All labeling information that is required by law or regulation must be in English. The only exception to this rule is for products distributed solely in a U.S. territory where a different language is predominant, such as Puerto Rico. If the label or labeling contains any representation in a foreign language, all label information required under the FD&C Act must also appear in that language [21 CFR 701.2(b)]. For information on dual declaration of ingredients, see Ingredient Names.

What labeling information is required?

The following information must appear on the principal display panel:

An identity statement, indicating the nature and use of the product, by means of either the common or usual name, a descriptive name, a fanciful name understood by the public, or an illustration [21 CFR 701.11]. An accurate statement of the net quantity of contents, in terms of weight, measure, numerical count or a combination of numerical count and weight or measure [21 CFR 701.13].

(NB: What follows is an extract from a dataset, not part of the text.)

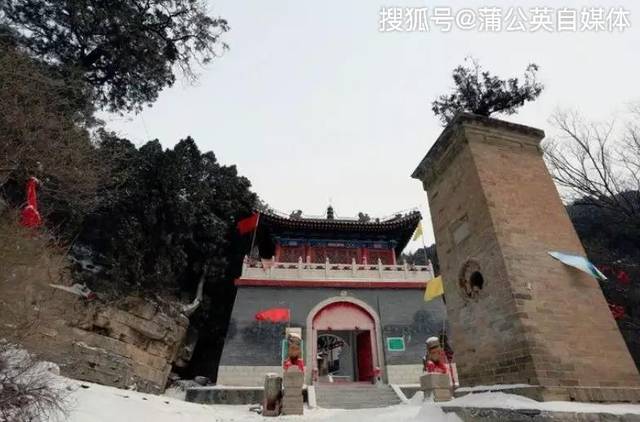 陕西蒲城千年神社尧山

The following information must appear on an information panel: Name and place of business. This may be the manufacturer, packer, or distributor. [21 CFR 701.12]. Distributor statement. If the name and address are not those of the manufacturer, the label must say "Manufactured for..." or "Distributed by..." [21 CFR 701.12]. Material facts. Failure to reveal material facts is one form of misleading labeling and therefore makes a product misbranded [21 CFR 1.21]. An example is directions for safe use, if a product could be unsafe if used incorrectly. Warning and caution statements. These must be prominent and conspicuous. The FD&C Act and related regulations specify warning and caution statements related to specific products [21 CFR part 700]. In addition, cosmetics that may be hazardous to consumers must bear appropriate label warnings [21 CFR 740.1]. An example of such hazardous products is flammable cosmetics. Ingredients. If the product is sold on a retail basis to consumers, even it it is labeled "For professional use only" or words to that effect, the ingredients must appear on an information panel, in descending order of predominance. [21 CFR 701.3]. Remember, if the product is also a drug, its labeling must comply with the regulations for both OTC drug and cosmetic ingredient labeling, as stated above.